Australia Grants the Release of 3 Indonesian Fishermen
Indonesia has welcomed the Australian government’s decision to release three underage fishermen from its Albany and Pardelup prisons in Western Australia.
Australian Attorney General Nicola Roxon announced the release of the three youths on Tuesday.
Roxon’s decision to release the trio is considered unusual because they were released early.
“In our view, the three suspects are adults. But the documents provided by the embassy of the Indonesian Republic indicated that one of the three might be underage,” Roxon said.
“Although we welcome the release, we’re still hoping that the Australian government will free all of the innocent children,” Dewi S. Wahab, the Foreign Ministry’s East Asia and Pacific director, said in a news release on Wednesday.
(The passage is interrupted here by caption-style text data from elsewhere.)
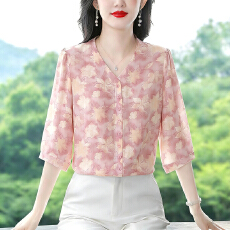 批发实拍2026夏季新款时尚韩系<b class='q'>印花</b>衬衫气质短袖宽松<b class='q'>雪纺衫</b>上衣女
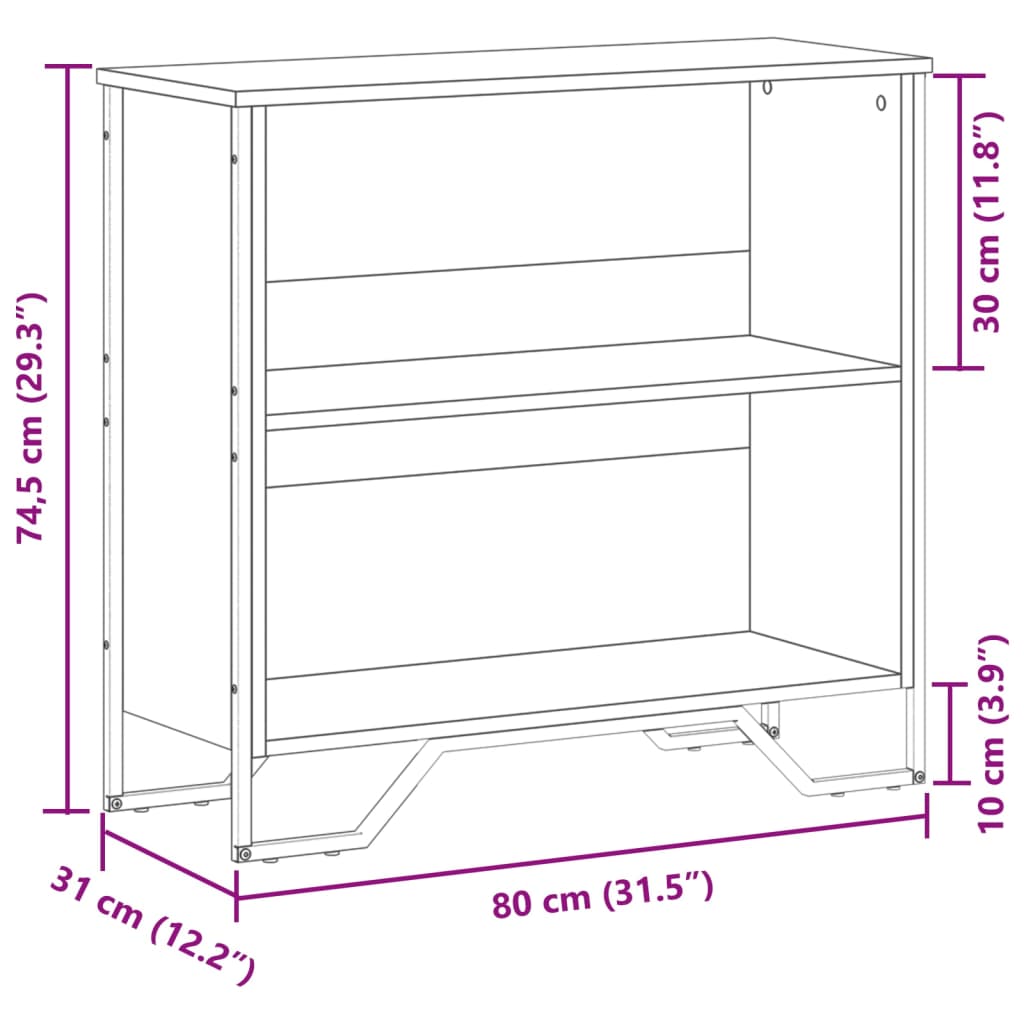 Kirjahylly musta 80x31x74,5 cm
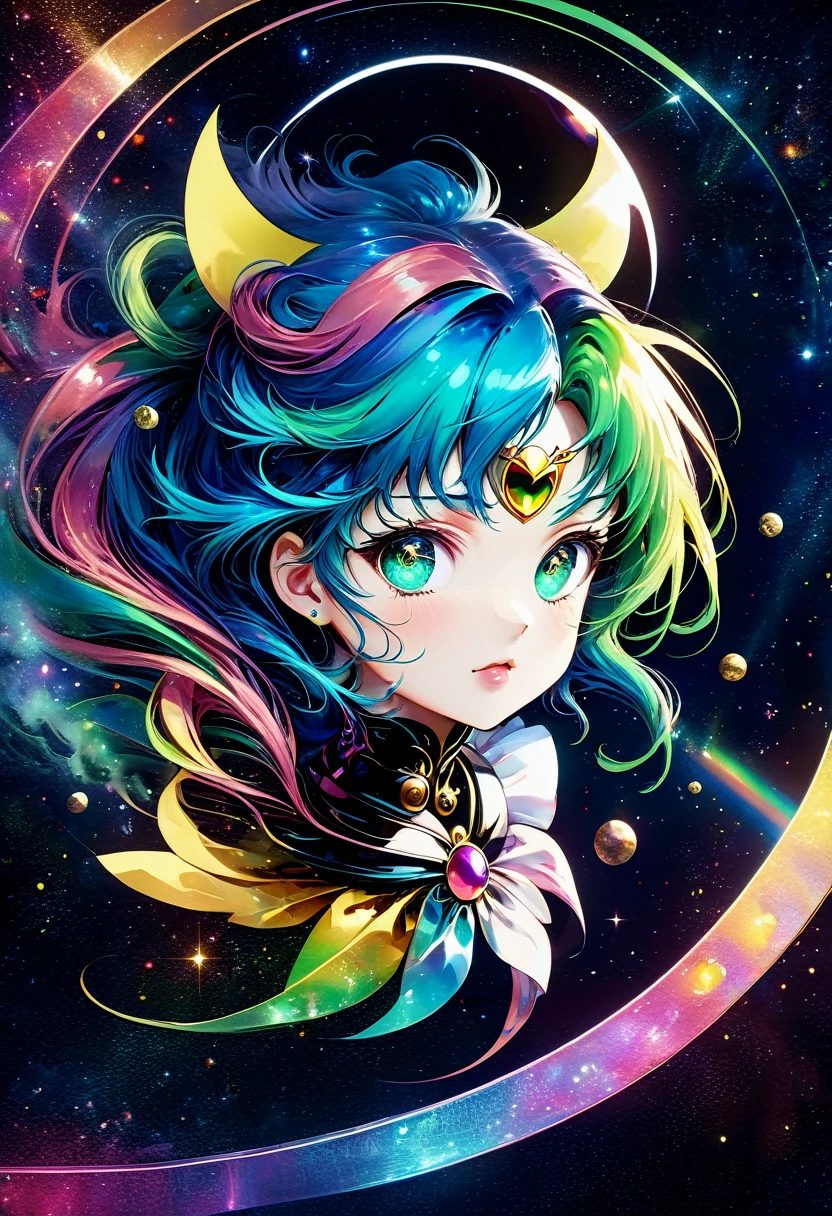 Dos dimensiones，un super lindo &citar;Marinero de la luna&citar;（Marinero de la luna），mini imagen，Hermosa chica delgada en estilo anime，ciberpunk，steampunk，Arte de falla，Proyección holográfica，estética mecánica，antigüedad，Luces de neón，Luz laser，FLUORESCENCIA，Luz espacial，efecto de brillo，iluminación intersexual，papel de arcoiris，Motor irreal，Minimalismo híbrido profundo/Estilo puntillismo bidimensional maximalista，pintura al óleo fotorrealista/estilo acuarela，linda expresión feliz，Ejemplar holográfico con sombras en capas.，Caleidoscopio de rubí y ópalo brumoso sobre fondo de ónix，Reflexión ionosférica difusa，Colores contrastantes vibrantes, iridiscentes y nítidos.，inspirado por Edgar Degas、Vermeer、Mucha、Obras maestras de Monet y otros maestros，complejo contra el neon、Dinero、Uranio、Detalle de la magnetosfera de estaño。definición de alta definición，obra maestra，Ojos monocromáticos redondos extra grandes.，todo el cuerpo，muñeca cabezona，vista frontal，linda estética，rico fondo，rico en detalles。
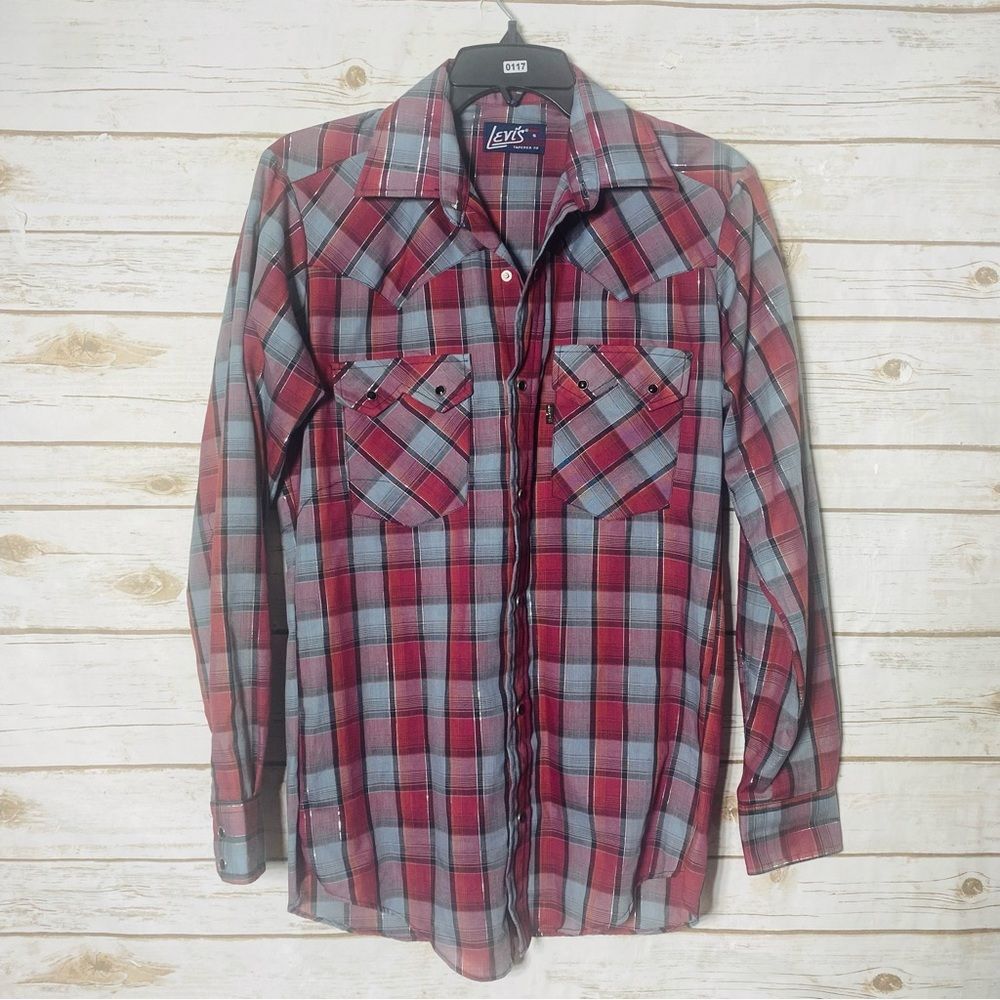 Levi's Boy's Red and Gray Plaid Casual Shirt Size S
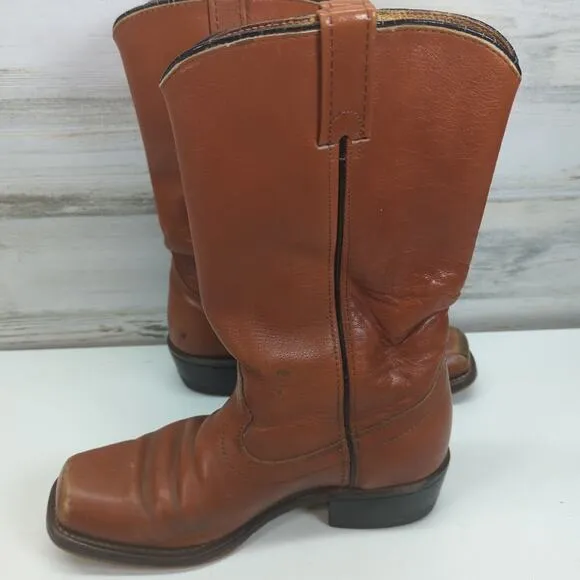 VTG Sears Roebuck BrownLeather Mens Size 8.5 D Western Campus Boots Weathered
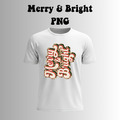 Merry & Bright PNG, Leopard Christmas Sublimation, Retro Holiday Text PNG, Festive Christmas Clipart, Printable Design, Digital Download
Dewi said the three Indonesians were freed after the Australian government received information that was not initially available. That information showed that they were underage when arrested.
Australia accused the three of violating the law and held them as suspects.
Previously, East Nusa Tenggara fishermen urged the Australian government to offer clemency to Indonesian fishermen being held in Australian jails after trespassing into the country’s waters.
Muhammad Ridwan, an advocate for the local fishermen, claimed that the Australian Coast Guard had treated them violently by sinking their boats and torturing them before putting them in jail. He added that the reports that they had crossed the maritime border were incorrect.
“The boats’ positions were still in Indonesian waters, as shown on the compass and other devices,” he said last month in Kupang, the provincial capital.
Fishermen from East Nusa Tenggara say they have lost 50 boats since 2002 to Australian maritime officers, who set them ablaze. The losses have been estimated at more than Rp 800 million ($85,000).
“[We] demand fair treatment in return for the Indonesian government’s decision to reduce the jail sentence for Australian drug convict Schapelle Corby,” Ridwan said. “We want compensation for the boats that were set on fire, the sentences for our fishermen reduced and amnesty from the Australian prime minister.”